Custom Text Model

The Clarifai API has the ability not only to learn concepts from images and videos, but from text as well.

In this walkthrough, you'll learn how to create and use a custom text model, learn from your own text data using the power of the Clarifai's base Text model, and predict on new text examples.

The steps below can all be done via the Clarifai's portal. But here you'll learn how to do them programmatically via API, using our gRPC Python client.

The examples below map directly to any of our other gRPC clients.

The walkthrough assumes you have already created your Clarifai's user account and the Personal Access Token. Also, first set up the gRPC Python client together with the initial code, see Client Installation Instructions.

For debugging purposes, each response returned by a method call can be printed to the console, and its entire data and structure will be shown verbosely.

Create a new application

The first step is manual: in the Clarifai Portal, create an new application with Text selected as the Base Workflow.

Afterward, copy the newly-created application's API key and set it in the variable below. This variable is going to be used, for authorization purposes, by all Clarifai API calls that follow.

# Insert here the initialization code as outlined on this page:
# https://docs.clarifai.com/api-guide/api-overview/api-clients#client-installation-instructions

api_key_metadata = (('authorization', 'Key ' + post_keys_response.keys[0].id),)

Add a batch of texts

We'll now add several text inputs that we will later use as a training data in our custom model. The idea is that we'll create a model which can differentiate between positive and negative sentences (in a grammatical sense). We'll mark each input with one of the two concepts: positive or negative.

The text can be added either directly (it's called raw), or from a URL.

positive_raw_texts = [
    "Marie is a published author.",
    "In three years, everyone will be happy.",
    "Nora Roberts is the most prolific romance writer the world has ever known.",
    "She has written more than 225 books.",
    "If you walk into Knoxville, you'll find a shop named Rala.",
    "There are more than 850 miles of hiking trails in the Great Smoky Mountains.",
    "Harrison Ford is 6'1\".",
    "According to Reader's Digest, in the original script of Return of The Jedi, Han Solo died.",
    "Kate travels to Doolin, Ireland every year for a writers' conference.",
    "Fort Stevens was decommissioned by the United States military in 1947.",
]
negative_text_urls = [
    "https://samples.clarifai.com/negative_sentence_1.txt",
    "https://samples.clarifai.com/negative_sentence_2.txt",
    "https://samples.clarifai.com/negative_sentence_3.txt",
    "https://samples.clarifai.com/negative_sentence_4.txt",
    "https://samples.clarifai.com/negative_sentence_5.txt",
    "https://samples.clarifai.com/negative_sentence_6.txt",
    "https://samples.clarifai.com/negative_sentence_7.txt",
    "https://samples.clarifai.com/negative_sentence_8.txt",
    "https://samples.clarifai.com/negative_sentence_9.txt",
    "https://samples.clarifai.com/negative_sentence_10.txt",
]

post_inputs_response = stub.PostInputs(
    service_pb2.PostInputsRequest(
        inputs=[
            resources_pb2.Input(
                data=resources_pb2.Data(
                    text=resources_pb2.Text(raw=raw_text),
                    concepts=[resources_pb2.Concept(id="positive", value=1)]
                )
            )
            for raw_text in positive_raw_texts
        ] + [
            resources_pb2.Input(
                data=resources_pb2.Data(
                    text=resources_pb2.Text(
                        url=text_url,
                        allow_duplicate_url=True
                    ),
                    concepts=[resources_pb2.Concept(id="negative", value=1)]
                )
            )
            for text_url in negative_text_urls
        ]
    ),
    metadata=api_key_metadata
)

# You may print the response to see what the structure and the data of the response is.
# print(post_inputs_response)

if post_inputs_response.status.code != status_code_pb2.SUCCESS:
    raise Exception("Failed response, status: " + str(post_inputs_response.status))
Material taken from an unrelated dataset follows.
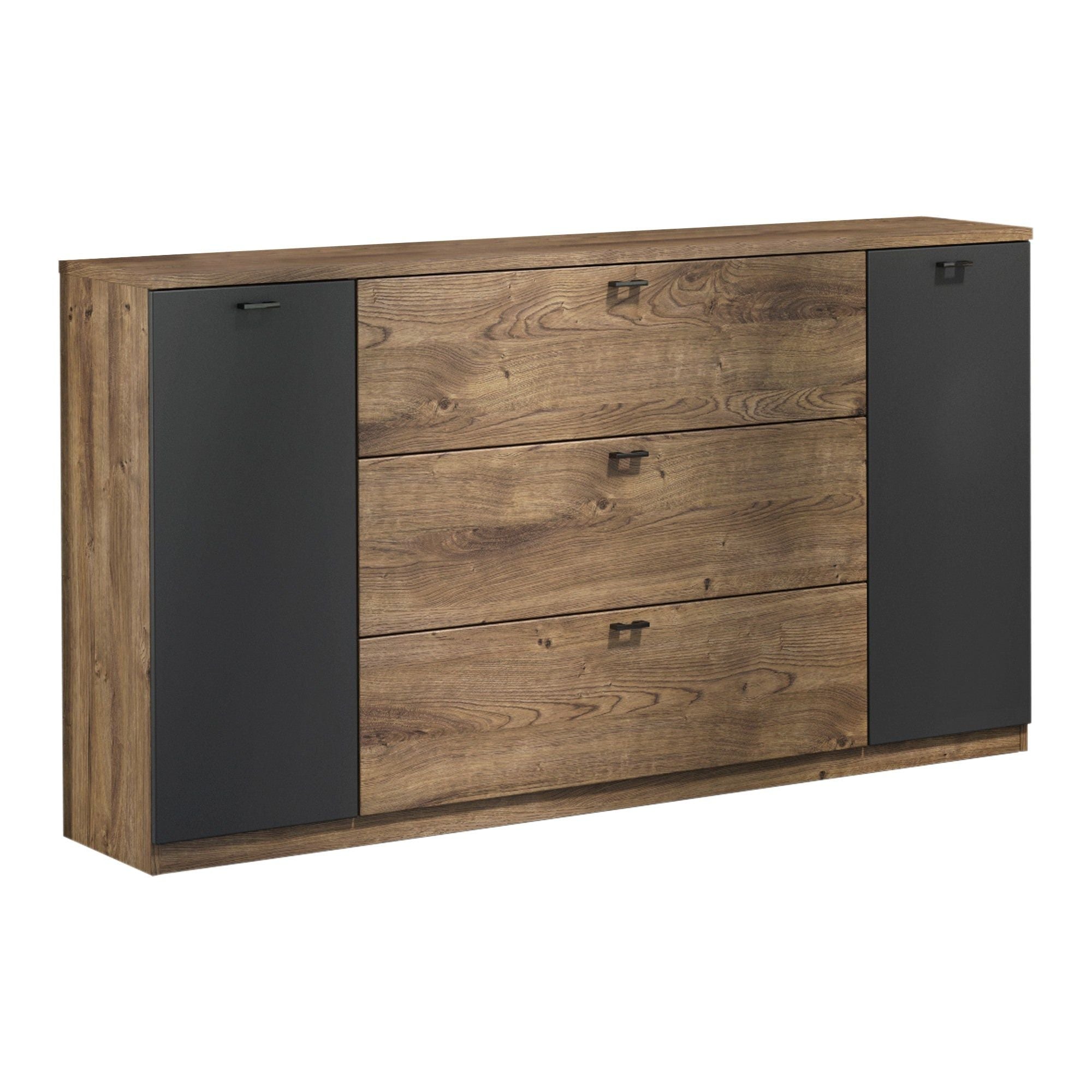 Comoda ARMENY 8XX3AT45, stejar inchis/gri grafit, PAL, 155x40x93 cm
Wait for inputs to download

Let's now wait for all the inputs to download.

import time

while True:
    list_inputs_response = stub.ListInputs(
        service_pb2.ListInputsRequest(page=1, per_page=100),
        metadata=api_key_metadata
    )

    if list_inputs_response.status.code != status_code_pb2.SUCCESS:
        raise Exception("Failed response, status: " + str(list_inputs_response.status))
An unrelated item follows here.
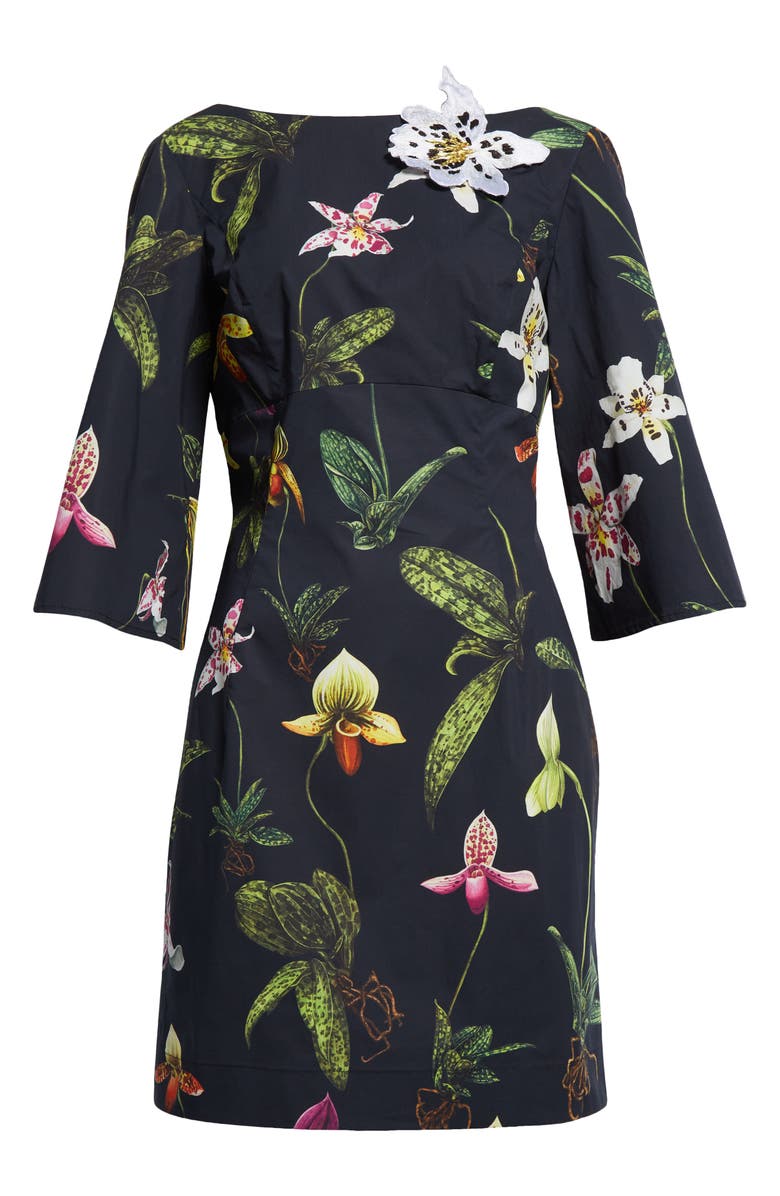 Oscar de la Renta Orchid Print Stretch Poplin Minidress, Alternate, color,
    for the_input in list_inputs_response.inputs:
        input_status_code = the_input.status.code
        if input_status_code == status_code_pb2.INPUT_DOWNLOAD_SUCCESS:
            continue
        elif input_status_code in (status_code_pb2.INPUT_DOWNLOAD_PENDING, status_code_pb2.INPUT_DOWNLOAD_IN_PROGRESS):
            print("Not all inputs have been downloaded yet. Checking again shortly.")
            break
        else:
            error_message = (
                    str(input_status_code) + " " +
                    the_input.status.description + " " +
                    the_input.status.details
            )
            raise Exception(
                f"Expected inputs to download, but got {error_message}. Full response: {list_inputs_response}"
            )
    else:
        # Once all inputs have been successfully downloaded, break the while True loop.
        print("All inputs have been successfully downloaded.")
        break
    time.sleep(2)

Create a custom model

Now we can create a custom model that's going to be using the concepts positive and negative. All inputs (in our application) associated with these two concepts will be used as a training data, once we actually train the model.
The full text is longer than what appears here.